YOUR ASSIGNMENT
Could you return the lines below exactly, from the first line up to and including the line that holds "a lot of spoons"?

Records from a data source:
----
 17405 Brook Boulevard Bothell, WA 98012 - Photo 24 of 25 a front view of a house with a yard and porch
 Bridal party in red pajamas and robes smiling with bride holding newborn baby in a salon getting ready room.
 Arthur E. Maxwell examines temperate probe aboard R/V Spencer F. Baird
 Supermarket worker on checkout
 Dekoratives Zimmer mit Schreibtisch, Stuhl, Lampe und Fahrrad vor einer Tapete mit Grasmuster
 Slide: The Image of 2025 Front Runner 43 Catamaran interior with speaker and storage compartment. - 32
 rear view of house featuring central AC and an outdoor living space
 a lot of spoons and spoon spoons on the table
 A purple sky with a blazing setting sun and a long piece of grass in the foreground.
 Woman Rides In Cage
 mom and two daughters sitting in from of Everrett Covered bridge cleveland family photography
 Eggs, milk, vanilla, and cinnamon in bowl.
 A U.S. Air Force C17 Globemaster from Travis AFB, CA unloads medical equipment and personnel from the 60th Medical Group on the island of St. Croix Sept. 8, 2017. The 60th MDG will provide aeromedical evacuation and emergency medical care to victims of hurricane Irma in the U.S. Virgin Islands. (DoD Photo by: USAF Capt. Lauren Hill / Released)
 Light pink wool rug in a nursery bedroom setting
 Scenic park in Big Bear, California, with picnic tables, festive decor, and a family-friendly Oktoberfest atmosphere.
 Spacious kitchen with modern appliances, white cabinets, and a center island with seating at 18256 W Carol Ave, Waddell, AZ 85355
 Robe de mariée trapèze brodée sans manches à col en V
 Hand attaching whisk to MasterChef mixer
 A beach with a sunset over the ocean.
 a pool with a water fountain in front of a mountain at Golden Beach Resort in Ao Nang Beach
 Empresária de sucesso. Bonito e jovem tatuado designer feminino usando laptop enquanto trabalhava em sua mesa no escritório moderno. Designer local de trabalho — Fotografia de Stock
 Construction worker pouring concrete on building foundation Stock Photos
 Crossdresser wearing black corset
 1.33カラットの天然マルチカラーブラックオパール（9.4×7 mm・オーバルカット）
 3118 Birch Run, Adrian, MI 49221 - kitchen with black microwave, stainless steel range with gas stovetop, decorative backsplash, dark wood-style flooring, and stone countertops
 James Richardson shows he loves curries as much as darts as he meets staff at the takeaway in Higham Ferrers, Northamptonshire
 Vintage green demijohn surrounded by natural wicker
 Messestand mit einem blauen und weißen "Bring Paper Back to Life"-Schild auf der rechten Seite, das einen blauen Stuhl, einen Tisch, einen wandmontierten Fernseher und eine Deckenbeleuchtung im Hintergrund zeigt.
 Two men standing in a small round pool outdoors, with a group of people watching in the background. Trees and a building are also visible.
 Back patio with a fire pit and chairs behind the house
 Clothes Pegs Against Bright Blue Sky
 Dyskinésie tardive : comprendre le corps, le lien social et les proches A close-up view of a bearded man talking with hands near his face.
----
RESULT OF THIS TASK
 17405 Brook Boulevard Bothell, WA 98012 - Photo 24 of 25 a front view of a house with a yard and porch
 Bridal party in red pajamas and robes smiling with bride holding newborn baby in a salon getting ready room.
 Arthur E. Maxwell examines temperate probe aboard R/V Spencer F. Baird
 Supermarket worker on checkout
 Dekoratives Zimmer mit Schreibtisch, Stuhl, Lampe und Fahrrad vor einer Tapete mit Grasmuster
 Slide: The Image of 2025 Front Runner 43 Catamaran interior with speaker and storage compartment. - 32
 rear view of house featuring central AC and an outdoor living space
 a lot of spoons and spoon spoons on the table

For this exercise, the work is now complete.